[Information provided — start]
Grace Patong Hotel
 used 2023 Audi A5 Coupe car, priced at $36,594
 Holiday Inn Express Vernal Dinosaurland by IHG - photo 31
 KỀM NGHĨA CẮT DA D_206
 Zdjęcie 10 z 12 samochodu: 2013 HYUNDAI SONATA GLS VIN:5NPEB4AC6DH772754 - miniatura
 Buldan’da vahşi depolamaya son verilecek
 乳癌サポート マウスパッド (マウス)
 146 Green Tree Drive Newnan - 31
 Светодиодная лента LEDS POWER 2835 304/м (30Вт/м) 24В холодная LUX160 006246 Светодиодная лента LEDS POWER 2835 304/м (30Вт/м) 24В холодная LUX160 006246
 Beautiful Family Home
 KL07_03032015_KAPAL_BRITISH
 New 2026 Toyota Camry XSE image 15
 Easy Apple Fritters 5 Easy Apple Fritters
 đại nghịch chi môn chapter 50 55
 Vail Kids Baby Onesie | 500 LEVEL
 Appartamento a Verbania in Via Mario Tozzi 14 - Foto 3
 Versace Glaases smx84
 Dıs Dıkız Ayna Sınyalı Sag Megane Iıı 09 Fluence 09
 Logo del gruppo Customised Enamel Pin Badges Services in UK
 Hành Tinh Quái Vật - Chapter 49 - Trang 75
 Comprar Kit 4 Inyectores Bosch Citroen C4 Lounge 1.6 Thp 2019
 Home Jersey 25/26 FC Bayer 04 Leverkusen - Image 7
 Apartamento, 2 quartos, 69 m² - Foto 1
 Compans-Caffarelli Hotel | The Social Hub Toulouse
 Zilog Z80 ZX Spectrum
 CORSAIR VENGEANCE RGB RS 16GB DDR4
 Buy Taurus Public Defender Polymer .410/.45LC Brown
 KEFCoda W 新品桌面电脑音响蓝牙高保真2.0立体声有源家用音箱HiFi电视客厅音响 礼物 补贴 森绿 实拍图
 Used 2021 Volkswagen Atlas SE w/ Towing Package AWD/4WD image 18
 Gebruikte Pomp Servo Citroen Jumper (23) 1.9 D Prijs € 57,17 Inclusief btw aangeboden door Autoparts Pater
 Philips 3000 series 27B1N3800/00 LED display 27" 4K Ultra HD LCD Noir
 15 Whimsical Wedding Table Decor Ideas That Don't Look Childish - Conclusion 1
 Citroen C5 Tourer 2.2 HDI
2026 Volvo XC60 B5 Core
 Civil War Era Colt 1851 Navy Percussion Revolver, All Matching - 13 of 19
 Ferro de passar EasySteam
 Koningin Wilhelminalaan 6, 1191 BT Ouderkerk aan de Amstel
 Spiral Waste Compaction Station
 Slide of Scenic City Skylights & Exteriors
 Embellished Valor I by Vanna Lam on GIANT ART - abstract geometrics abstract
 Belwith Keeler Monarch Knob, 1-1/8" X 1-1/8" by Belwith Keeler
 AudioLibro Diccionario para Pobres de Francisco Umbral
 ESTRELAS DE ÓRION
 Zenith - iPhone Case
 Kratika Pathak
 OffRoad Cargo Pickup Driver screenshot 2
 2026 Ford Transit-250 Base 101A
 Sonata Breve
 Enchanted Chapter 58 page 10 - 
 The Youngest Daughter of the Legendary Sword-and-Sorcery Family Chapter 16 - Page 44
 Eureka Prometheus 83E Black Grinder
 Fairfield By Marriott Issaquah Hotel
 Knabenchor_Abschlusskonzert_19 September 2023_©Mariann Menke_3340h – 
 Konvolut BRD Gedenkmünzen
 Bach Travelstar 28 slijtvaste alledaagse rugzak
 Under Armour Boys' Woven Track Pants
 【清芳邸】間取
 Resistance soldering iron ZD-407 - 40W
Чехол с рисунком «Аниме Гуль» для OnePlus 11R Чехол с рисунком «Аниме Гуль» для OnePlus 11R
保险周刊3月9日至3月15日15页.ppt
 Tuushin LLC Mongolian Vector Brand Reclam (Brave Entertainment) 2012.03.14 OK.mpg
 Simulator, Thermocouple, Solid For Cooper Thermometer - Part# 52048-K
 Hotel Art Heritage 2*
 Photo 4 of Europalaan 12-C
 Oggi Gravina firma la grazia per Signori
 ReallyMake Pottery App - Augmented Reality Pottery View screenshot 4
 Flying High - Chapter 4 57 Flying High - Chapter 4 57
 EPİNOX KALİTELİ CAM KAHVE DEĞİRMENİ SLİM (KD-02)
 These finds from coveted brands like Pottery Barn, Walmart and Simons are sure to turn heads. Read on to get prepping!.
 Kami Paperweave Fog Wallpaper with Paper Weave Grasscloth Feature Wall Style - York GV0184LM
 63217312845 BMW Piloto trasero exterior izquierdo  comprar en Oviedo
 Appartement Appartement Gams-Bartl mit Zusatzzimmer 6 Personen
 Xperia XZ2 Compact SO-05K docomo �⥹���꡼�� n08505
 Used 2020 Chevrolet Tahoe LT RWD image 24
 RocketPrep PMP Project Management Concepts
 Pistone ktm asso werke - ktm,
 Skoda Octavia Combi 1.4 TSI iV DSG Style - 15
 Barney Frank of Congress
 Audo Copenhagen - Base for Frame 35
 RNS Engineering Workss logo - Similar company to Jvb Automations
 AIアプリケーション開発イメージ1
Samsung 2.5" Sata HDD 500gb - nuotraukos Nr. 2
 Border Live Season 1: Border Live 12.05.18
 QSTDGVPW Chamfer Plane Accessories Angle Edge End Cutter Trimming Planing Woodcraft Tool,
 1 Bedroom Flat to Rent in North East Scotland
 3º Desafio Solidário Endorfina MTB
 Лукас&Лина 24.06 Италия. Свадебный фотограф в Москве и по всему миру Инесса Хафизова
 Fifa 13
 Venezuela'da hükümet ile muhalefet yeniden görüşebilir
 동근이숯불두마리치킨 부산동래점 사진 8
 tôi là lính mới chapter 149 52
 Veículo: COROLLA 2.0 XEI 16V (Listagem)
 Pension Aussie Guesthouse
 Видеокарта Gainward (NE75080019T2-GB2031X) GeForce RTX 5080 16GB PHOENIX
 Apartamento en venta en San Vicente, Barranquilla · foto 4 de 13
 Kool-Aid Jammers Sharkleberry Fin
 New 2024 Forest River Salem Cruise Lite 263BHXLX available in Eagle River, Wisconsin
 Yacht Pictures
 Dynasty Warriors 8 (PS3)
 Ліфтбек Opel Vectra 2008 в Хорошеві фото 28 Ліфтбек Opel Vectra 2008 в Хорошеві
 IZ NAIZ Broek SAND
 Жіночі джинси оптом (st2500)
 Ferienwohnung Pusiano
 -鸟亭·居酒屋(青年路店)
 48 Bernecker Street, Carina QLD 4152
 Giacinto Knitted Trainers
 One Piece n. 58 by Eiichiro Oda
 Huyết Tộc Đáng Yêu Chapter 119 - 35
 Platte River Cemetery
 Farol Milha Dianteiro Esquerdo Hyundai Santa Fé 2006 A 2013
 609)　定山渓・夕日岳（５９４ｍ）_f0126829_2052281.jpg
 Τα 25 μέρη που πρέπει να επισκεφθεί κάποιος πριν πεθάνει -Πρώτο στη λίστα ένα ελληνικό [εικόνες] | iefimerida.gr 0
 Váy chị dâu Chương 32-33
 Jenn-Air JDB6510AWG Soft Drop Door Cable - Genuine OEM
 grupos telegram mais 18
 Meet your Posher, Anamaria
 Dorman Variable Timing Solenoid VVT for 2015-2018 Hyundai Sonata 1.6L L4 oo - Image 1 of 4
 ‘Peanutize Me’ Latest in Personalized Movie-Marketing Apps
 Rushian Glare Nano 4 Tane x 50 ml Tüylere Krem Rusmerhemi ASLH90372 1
[Information provided — finish]
• [Task directions]: Print the data word for word.

• [Finished exercise]:
Grace Patong Hotel
 used 2023 Audi A5 Coupe car, priced at $36,594
 Holiday Inn Express Vernal Dinosaurland by IHG - photo 31
 KỀM NGHĨA CẮT DA D_206
 Zdjęcie 10 z 12 samochodu: 2013 HYUNDAI SONATA GLS VIN:5NPEB4AC6DH772754 - miniatura
 Buldan’da vahşi depolamaya son verilecek
 乳癌サポート マウスパッド (マウス)
 146 Green Tree Drive Newnan - 31
 Светодиодная лента LEDS POWER 2835 304/м (30Вт/м) 24В холодная LUX160 006246 Светодиодная лента LEDS POWER 2835 304/м (30Вт/м) 24В холодная LUX160 006246
 Beautiful Family Home
 KL07_03032015_KAPAL_BRITISH
 New 2026 Toyota Camry XSE image 15
 Easy Apple Fritters 5 Easy Apple Fritters
 đại nghịch chi môn chapter 50 55
 Vail Kids Baby Onesie | 500 LEVEL
 Appartamento a Verbania in Via Mario Tozzi 14 - Foto 3
 Versace Glaases smx84
 Dıs Dıkız Ayna Sınyalı Sag Megane Iıı 09 Fluence 09
 Logo del gruppo Customised Enamel Pin Badges Services in UK
 Hành Tinh Quái Vật - Chapter 49 - Trang 75
 Comprar Kit 4 Inyectores Bosch Citroen C4 Lounge 1.6 Thp 2019
 Home Jersey 25/26 FC Bayer 04 Leverkusen - Image 7
 Apartamento, 2 quartos, 69 m² - Foto 1
 Compans-Caffarelli Hotel | The Social Hub Toulouse
 Zilog Z80 ZX Spectrum
 CORSAIR VENGEANCE RGB RS 16GB DDR4
 Buy Taurus Public Defender Polymer .410/.45LC Brown
 KEFCoda W 新品桌面电脑音响蓝牙高保真2.0立体声有源家用音箱HiFi电视客厅音响 礼物 补贴 森绿 实拍图
 Used 2021 Volkswagen Atlas SE w/ Towing Package AWD/4WD image 18
 Gebruikte Pomp Servo Citroen Jumper (23) 1.9 D Prijs € 57,17 Inclusief btw aangeboden door Autoparts Pater
 Philips 3000 series 27B1N3800/00 LED display 27" 4K Ultra HD LCD Noir
 15 Whimsical Wedding Table Decor Ideas That Don't Look Childish - Conclusion 1
 Citroen C5 Tourer 2.2 HDI
2026 Volvo XC60 B5 Core
 Civil War Era Colt 1851 Navy Percussion Revolver, All Matching - 13 of 19
 Ferro de passar EasySteam
 Koningin Wilhelminalaan 6, 1191 BT Ouderkerk aan de Amstel
 Spiral Waste Compaction Station
 Slide of Scenic City Skylights & Exteriors
 Embellished Valor I by Vanna Lam on GIANT ART - abstract geometrics abstract
 Belwith Keeler Monarch Knob, 1-1/8" X 1-1/8" by Belwith Keeler
 AudioLibro Diccionario para Pobres de Francisco Umbral
 ESTRELAS DE ÓRION
 Zenith - iPhone Case
 Kratika Pathak
 OffRoad Cargo Pickup Driver screenshot 2
 2026 Ford Transit-250 Base 101A
 Sonata Breve
 Enchanted Chapter 58 page 10 - 
 The Youngest Daughter of the Legendary Sword-and-Sorcery Family Chapter 16 - Page 44
 Eureka Prometheus 83E Black Grinder
 Fairfield By Marriott Issaquah Hotel
 Knabenchor_Abschlusskonzert_19 September 2023_©Mariann Menke_3340h – 
 Konvolut BRD Gedenkmünzen
 Bach Travelstar 28 slijtvaste alledaagse rugzak
 Under Armour Boys' Woven Track Pants
 【清芳邸】間取
 Resistance soldering iron ZD-407 - 40W
Чехол с рисунком «Аниме Гуль» для OnePlus 11R Чехол с рисунком «Аниме Гуль» для OnePlus 11R
保险周刊3月9日至3月15日15页.ppt
 Tuushin LLC Mongolian Vector Brand Reclam (Brave Entertainment) 2012.03.14 OK.mpg
 Simulator, Thermocouple, Solid For Cooper Thermometer - Part# 52048-K
 Hotel Art Heritage 2*
 Photo 4 of Europalaan 12-C
 Oggi Gravina firma la grazia per Signori
 ReallyMake Pottery App - Augmented Reality Pottery View screenshot 4
 Flying High - Chapter 4 57 Flying High - Chapter 4 57
 EPİNOX KALİTELİ CAM KAHVE DEĞİRMENİ SLİM (KD-02)
 These finds from coveted brands like Pottery Barn, Walmart and Simons are sure to turn heads. Read on to get prepping!.
 Kami Paperweave Fog Wallpaper with Paper Weave Grasscloth Feature Wall Style - York GV0184LM
 63217312845 BMW Piloto trasero exterior izquierdo  comprar en Oviedo
 Appartement Appartement Gams-Bartl mit Zusatzzimmer 6 Personen
 Xperia XZ2 Compact SO-05K docomo �⥹���꡼�� n08505
 Used 2020 Chevrolet Tahoe LT RWD image 24
 RocketPrep PMP Project Management Concepts
 Pistone ktm asso werke - ktm,
 Skoda Octavia Combi 1.4 TSI iV DSG Style - 15
 Barney Frank of Congress
 Audo Copenhagen - Base for Frame 35
 RNS Engineering Workss logo - Similar company to Jvb Automations
 AIアプリケーション開発イメージ1
Samsung 2.5" Sata HDD 500gb - nuotraukos Nr. 2
 Border Live Season 1: Border Live 12.05.18
 QSTDGVPW Chamfer Plane Accessories Angle Edge End Cutter Trimming Planing Woodcraft Tool,
 1 Bedroom Flat to Rent in North East Scotland
 3º Desafio Solidário Endorfina MTB
 Лукас&Лина 24.06 Италия. Свадебный фотограф в Москве и по всему миру Инесса Хафизова
 Fifa 13
 Venezuela'da hükümet ile muhalefet yeniden görüşebilir
 동근이숯불두마리치킨 부산동래점 사진 8
 tôi là lính mới chapter 149 52
 Veículo: COROLLA 2.0 XEI 16V (Listagem)
 Pension Aussie Guesthouse
 Видеокарта Gainward (NE75080019T2-GB2031X) GeForce RTX 5080 16GB PHOENIX
 Apartamento en venta en San Vicente, Barranquilla · foto 4 de 13
 Kool-Aid Jammers Sharkleberry Fin
 New 2024 Forest River Salem Cruise Lite 263BHXLX available in Eagle River, Wisconsin
 Yacht Pictures
 Dynasty Warriors 8 (PS3)
 Ліфтбек Opel Vectra 2008 в Хорошеві фото 28 Ліфтбек Opel Vectra 2008 в Хорошеві
 IZ NAIZ Broek SAND
 Жіночі джинси оптом (st2500)
 Ferienwohnung Pusiano
 -鸟亭·居酒屋(青年路店)
 48 Bernecker Street, Carina QLD 4152
 Giacinto Knitted Trainers
 One Piece n. 58 by Eiichiro Oda
 Huyết Tộc Đáng Yêu Chapter 119 - 35
 Platte River Cemetery
 Farol Milha Dianteiro Esquerdo Hyundai Santa Fé 2006 A 2013
 609)　定山渓・夕日岳（５９４ｍ）_f0126829_2052281.jpg
 Τα 25 μέρη που πρέπει να επισκεφθεί κάποιος πριν πεθάνει -Πρώτο στη λίστα ένα ελληνικό [εικόνες] | iefimerida.gr 0
 Váy chị dâu Chương 32-33
 Jenn-Air JDB6510AWG Soft Drop Door Cable - Genuine OEM
 grupos telegram mais 18
 Meet your Posher, Anamaria
 Dorman Variable Timing Solenoid VVT for 2015-2018 Hyundai Sonata 1.6L L4 oo - Image 1 of 4
 ‘Peanutize Me’ Latest in Personalized Movie-Marketing Apps
 Rushian Glare Nano 4 Tane x 50 ml Tüylere Krem Rusmerhemi ASLH90372 1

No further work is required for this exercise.